One of the most talked about films from Mexico in the last couple of years finally comes to America with a big bang. Inspired by a true story, Miss Bala provides a certain authenticity thanks to relatively new director Gerardo Nariño. Showing off his directing chops, Nariño pulls you in from the opening credits when the words, Miss Bala - in blood red letters - flash across the screen. Still, the film manages to avoid the clichés of the deadly drug wars occurring in Juarez and other places throughout Northern Mexico and the U.S. border.
Initially, you are drawn into the complex story set in the Mexican border city of Baja. Miss Bala chronicles three terrifying days in the life of unsuspecting beauty queen hopeful, Laura Guerro (Stephanie Sigman), who finds herself in the struggles between the La Estrella gang and the police. Laura soon gets caught in the fast life of trafficking money and weapons across the US-Mexico border as her dream of being 'Miss Baja California' becomes a nightmare as she becomes a pawn between the cartels and federal agents.
Laura’s foremost struggle is to protect herself and her family -- doing anything in order to make sure that happens. The film has scenes of real menace, you just don't know how she is going to escape her predicaments and showcases well-executed action scenes.
The first thing that really surprised me was the directing style, quite unusual but with purpose. There were lots of panning, traveling and sequence shots, creating a documentary style feel. Truly, this was the most notable aspect of the movie. The second was the realism of it all: the language, the characters-- especially Noe Hernandez portrayal as Lino. He really employed a different spin on the stereotypical movie gangster.

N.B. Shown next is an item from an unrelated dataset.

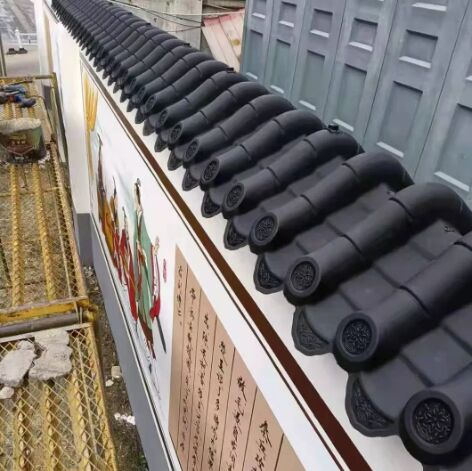 中国PPプレハブ屋根シングル簡単設置住宅壁防水材人工プラスチック屋根瓦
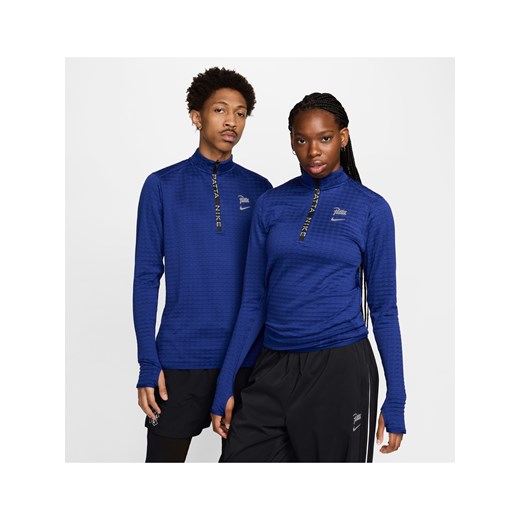 Koszulka z długim rękawem i zamkiem 1/2 Nike x Patta Running Team - Niebieski ze sklepu Nike poland w kategorii T-shirty męskie - zdjęcie 172447168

The locations and shooting scenes between cops and the henchmen feel authentic enough to send a shockwave to your heart. Nariño has what it takes to be a great director; the only drawback was that you couldn’t feel the hidden beauty and flavor that exists throughout Latin America. Miss Bala felt somewhat slow and didn’t have a large pay off at the end. I wouldn’t put it in the category of pulse-pounding classics, such as Maria Full of Grace, Sin Nombre or Traffic. Nariño fashions a highly original thriller that pulls you but has a difficult time keeping you enthused.